Le haces una muralla de almohadas, pero sientes que no es suficiente y pruebas la técnica del delfín: dormir con un ojo abierto. No te sale. Te sientes estúpida, se te sale la leche, se la ofreces, te la niega. Y ya no llora, sino que juega. Se ríe. Son las 5 de la mañana y te das cuenta que sonríe porque es hora de jugar.
Te resignas, lo cargas, te paras, te tiras agua en la cara y no te reconoces del todo en el espejo. Respiras, decides tomarlo de buena manera: ¡un día a la vez! Haces café, el desayuno, le das de comer, tomas un sorbo de café y casi lo escupes porque está helado. El bebé quiere gatear, pero se estanca echado boca abajo. Se estresa, llora, lo atiendes. Pones música, bailan, bates los huevos con una mano y con la misma, cortas naranjas, pelas mandarinas, te rascas el poto, quieres responder mensajes por WhatsApp.
Te olvidaste que volviste a calentar el café y está más frío que antes. Ya fue. Lo tomarás después. Se te cierran los ojos, en tres horas tienes una reunión. El bebé se cagó, le haces muecas y cambias el pañal. Eres una buena mamá, pero te gustaría dormir, aunque sea un poquito más.
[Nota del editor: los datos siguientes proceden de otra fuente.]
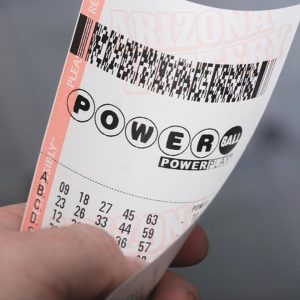 Powerball jackpot reaches $700M ahead of Wednesday night drawing
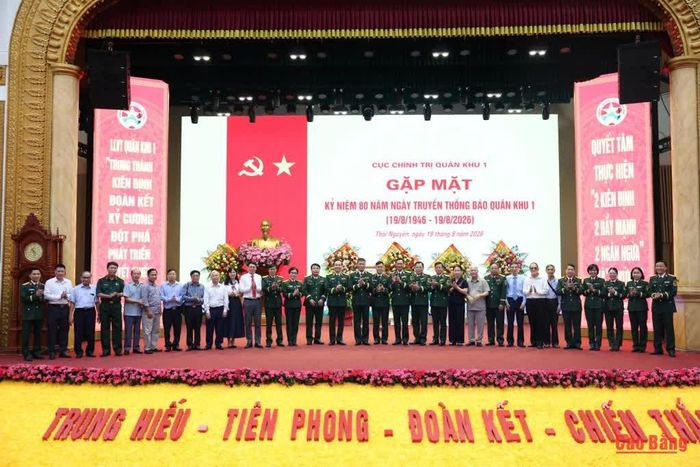 Các đại biểu tham dự buổi gặp mặt chụp ảnh lưu niệm.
Y a lo lejos lo escuchas. Es el sonido de una mañana tardía, de un descanso más pleno, de un estiramiento más profundo. Es tu marido abriendo los ojos, saliendo de la cama, metiéndose al baño, y luego yendo a buscarte. Te dice buenos días, te da un beso, te quiere, lo quieres. Carga al bebé, lo pone en el piso, se agacha para jugar con él, te mira y dice:
- ¡Asu! Me duele la espalda. No tienes idea lo mal que he dormido.